Polymorphisms in DNA repair gene XRCC1 and increased genetic susceptibility to glioma.

Background: The XRCC1 gene encodes the XRCC1 protein, which complexes with three other DNA repair enzymes involved in the base-excision repair (BER) pathways. Different XRCC1 polymorphisms may increase the risk of cancers by impairing interaction with other enzymatic proteins and consequently altering DNA repair activity, and result in carcinogenesis. Our study aimed to investigate any association between three polymorphisms of the XRCC1 gene at codon 194, 280 and 399 and potential glioma risk.
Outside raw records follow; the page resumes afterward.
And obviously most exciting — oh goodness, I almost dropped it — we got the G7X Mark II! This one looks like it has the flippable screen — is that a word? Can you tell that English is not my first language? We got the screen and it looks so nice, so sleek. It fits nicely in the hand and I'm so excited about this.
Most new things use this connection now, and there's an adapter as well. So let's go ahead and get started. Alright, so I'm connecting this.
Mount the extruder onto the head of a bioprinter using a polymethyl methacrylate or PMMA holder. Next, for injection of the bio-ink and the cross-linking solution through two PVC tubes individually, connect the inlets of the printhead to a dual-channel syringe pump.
Methods: We collected 127 patients with primary glioma and 249 controls who requested general health examinations from Union Hospital of Tongji Medical College hospital from March 2007 to September 2010. A total of 5 ml venous blood was drawn from each subject. The polymorphisms of XRCC1 gene at codons 194, 280 and 399 were analyzed based on duplex polymerase-chain-reactions with the confronting-two-pair primer (PCR-CTPP) method.
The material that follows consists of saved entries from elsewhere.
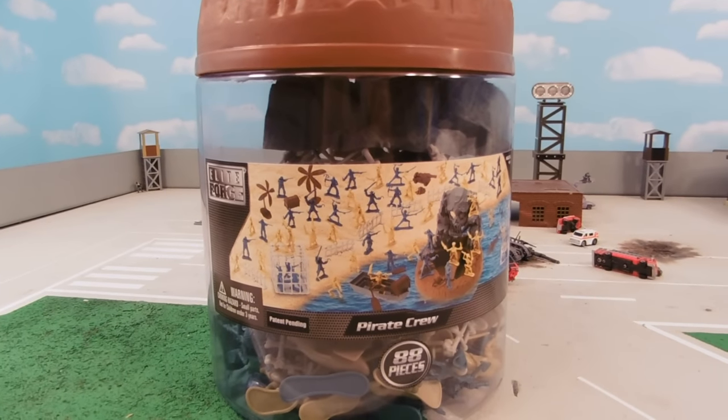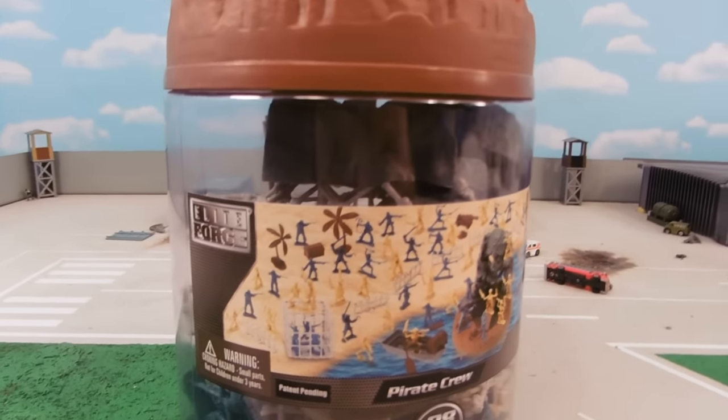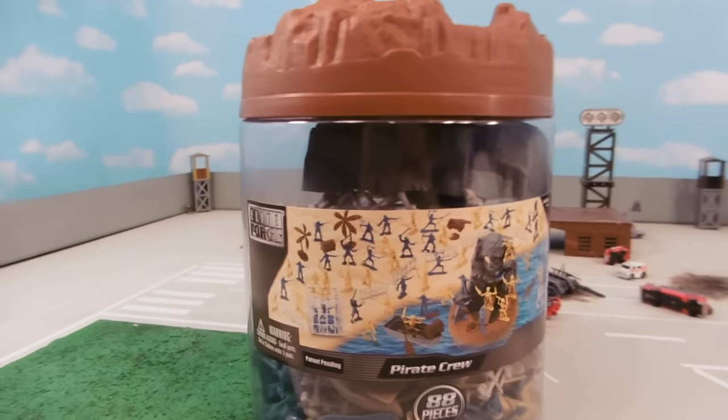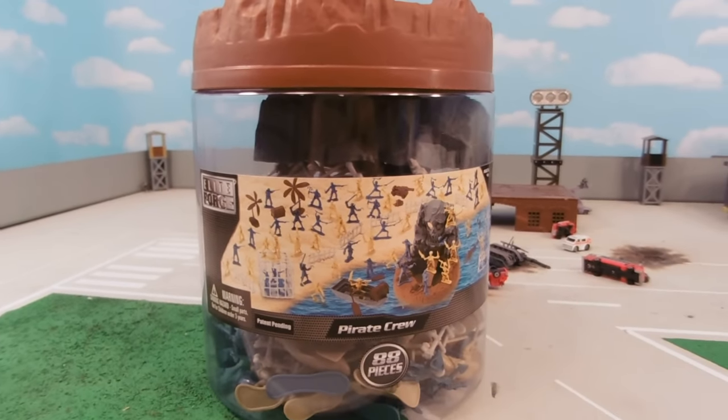Hey guys, Jessica Damo here with our Army Men style toy review and today we're reviewing Elite Force Pirate Crew, 88 pieces. Let's open it up.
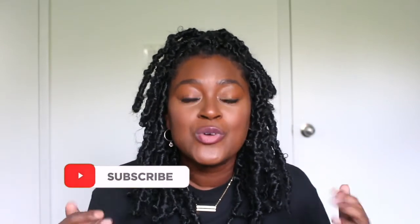Please make sure that you subscribe to my channel so you don't miss any more videos on protective styles like this or any more natural hair content. Don't forget to subscribe and hit the notification bell.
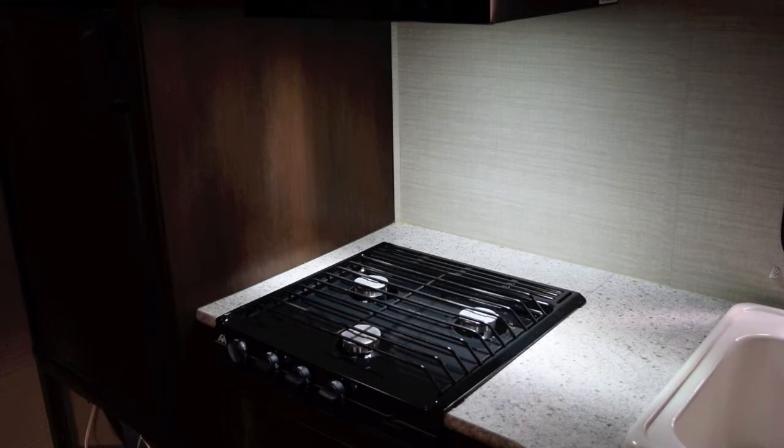That's it — just a short little job. One more thing done on the travel trailer.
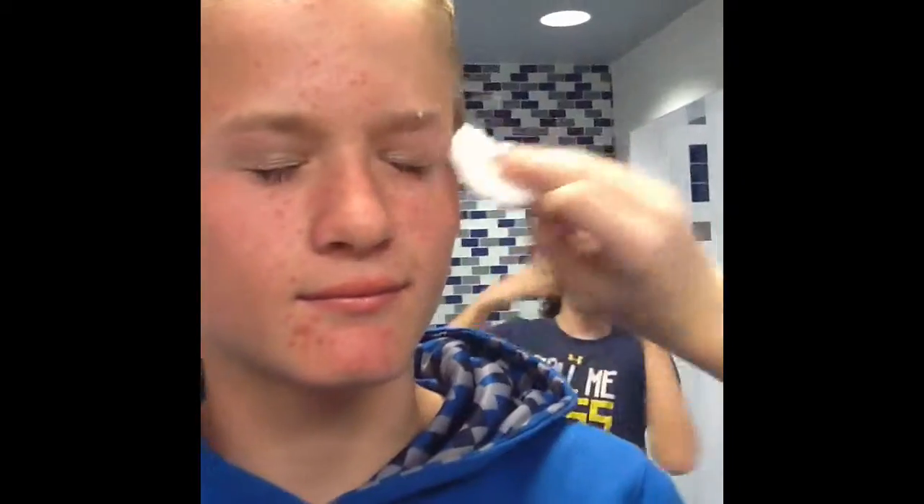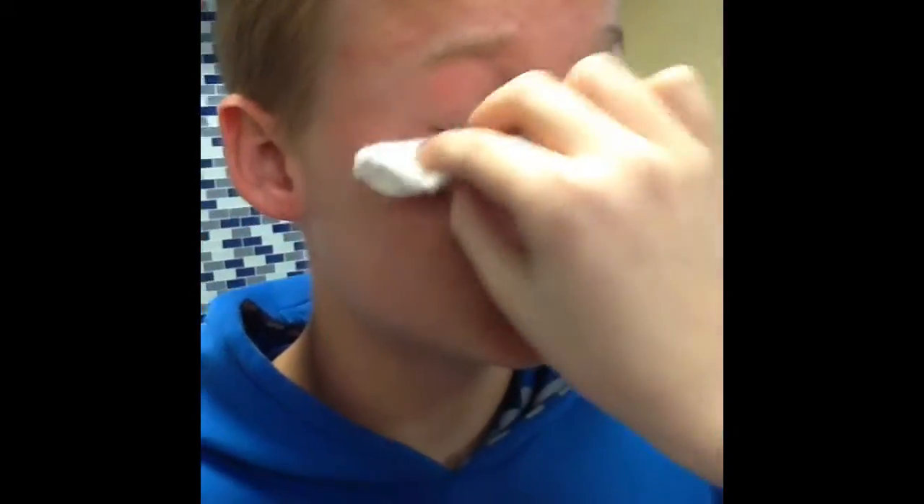So now I have one of the coconut makeup remover wipes, and we're going to do her eyes first. This is one eye, and then you can use the other half for another eye. And it comes off very easily. See? All off already. Just got to get the mascara off a little bit.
Results: The homozygous Trp/Trp and heterozygotes Arg/Trp variants of codon 194 had a 2.12 fold and 1.46 fold increased risk of glioma compared to the homozygous Arg/Arg wide genotypes. The same effect was found in codon 399, the codon 399 Gln/Gln and Arg/Gln genotypes being associated with a 2.24 fold and 1.67 fold increased risk in glioma. When comparing the codon 194 Arg/Arg and 399 Arg/Arg genotypes, the combination of codon 194 Trp allele and 399 Gln allele had a heavy increase in glioma risk (OR=2.87, 95%CI=1.56-6.73).

Conclusion: The present study provided evidence of a potential role for XRCC1 codon 194 and 399 polymorphisms in genetic predisposition to glioma among the Chinese population. This analysis of correlation of DNA repair genes and glioma may provide a deeper insight into the genetic and environment factors for cancer risk.